Last month, I broke DNS on a production cluster by attempting to resolve a hostname.
On my laptop, I run Debian 10, with systemd-resolved for DNS.
My VPN client hooks into systemd-resolved to add a private DNS server and local domains (including
*.node.consul) to the configuration. That makes it very easy to connect to internal services by name. Multiple instances of these services are deployed to achieve high availability, consul DNS will always direct me to a working instance.
Last week I upgraded my laptop from Debian 9 to 10. This also came with a change in defaults for
systemd-resolved: DNSSEC is now set to
allow-downgrade by default, which will send additional DNS queries.
After connecting to the VPN, I try to connect to a consul service.
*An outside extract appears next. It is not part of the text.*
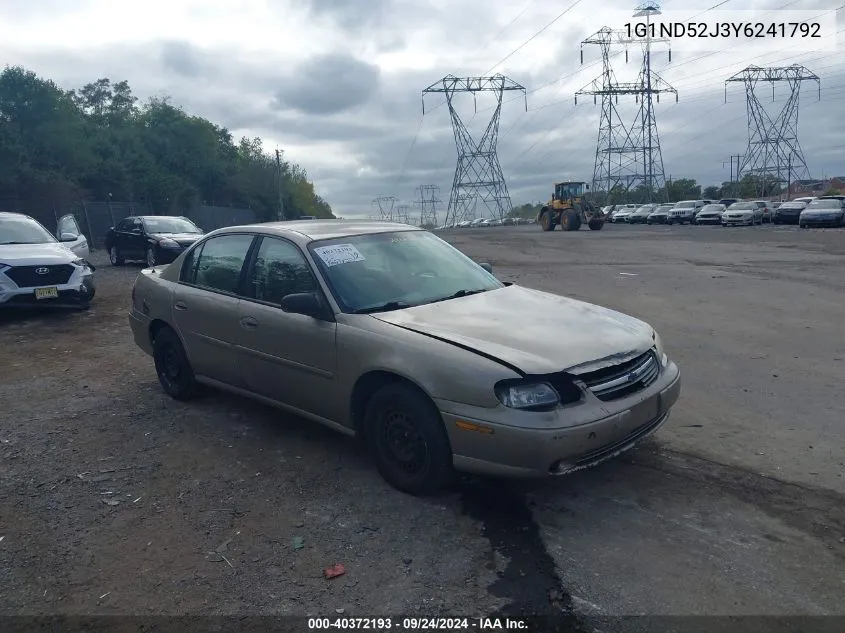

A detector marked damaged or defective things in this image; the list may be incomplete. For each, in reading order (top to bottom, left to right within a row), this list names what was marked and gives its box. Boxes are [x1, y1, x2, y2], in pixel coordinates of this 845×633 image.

This fails because of a DNS resolution failure.
Manually trying to resolve the name with
dig results in connection timeouts as well.
Then trying with
systemd-resolve results in an other error message.
lars@lars-debian:~$ systemd-resolve xyz.service.consul xyz.service.consul: resolve call failed: DNSSEC validation failed: no-signature
The logs of
systemd-resolved are filled with these DNSSEC validation failures too.
After a lot of retried attempts,
systemd-resolved marks the DNS server as non-DNSSEC capable:
Jul 18 14:31:22 lars-debian systemd-resolved: Server 10.88.30.3 does not support DNSSEC, downgrading to non-DNSSEC mode.
Unfortunately, at this time the damage is already done.
Walking in circles
What happened? To check for DNSSEC support,
systemd-resolved sends a DNS query for the
DS record type of
consul. to its configured recursor.
In this case, that is the dnsmasq server running at
10.88.10.3. dnsmasq receives the query, and sees that a specific resolver has been configured for
consul.. It forwards the DNS query to the consul server at
10.88.10.2 to resolve it.
Consul is configured with a recursor, so DNS queries for other (not
*.consul) domains would be forwarded to the same dnsmasq server.
However, the underlying DNS server implementation of consul delegates
DS queries to the parent handler, which are the configured recursors.
The result is that a
DS consul. query is sent from consul
10.88.10.3 to the dnsmasq server running at
Upon seeing a query for
consul., dnsmasq forwards it back to consul, and round and round in circles it goes.
Dnsmasq has a maximum number of concurrent pending queries, by default 150.
When this limit is reached, it starts answering
SERVFAIL to all new requests.
This response starts making its way back up the stack of recursive DNS queries.
Upon receiving a
SERVFAIL answer, dnsmasq will retry the DNS query once more.
There is a stack of 150 pending queries that are waiting for a response of the previous query.
Every time a slot becomes available, it is immediately occupied by a retry.
The result is that very little legitimate DNS queries are able to get through. The only way to resolve this loop is to break it by restarting either dnsmasq or consul.
Don’t create a loop in your DNS recursors’ configuration. In our case, nothing was querying consul directly anyways, since the dnsmasq server was configured the system resolver.
I reported an issue to consul, because either the documentation or the code is incorrect. This lead us to think that our configuration was okay.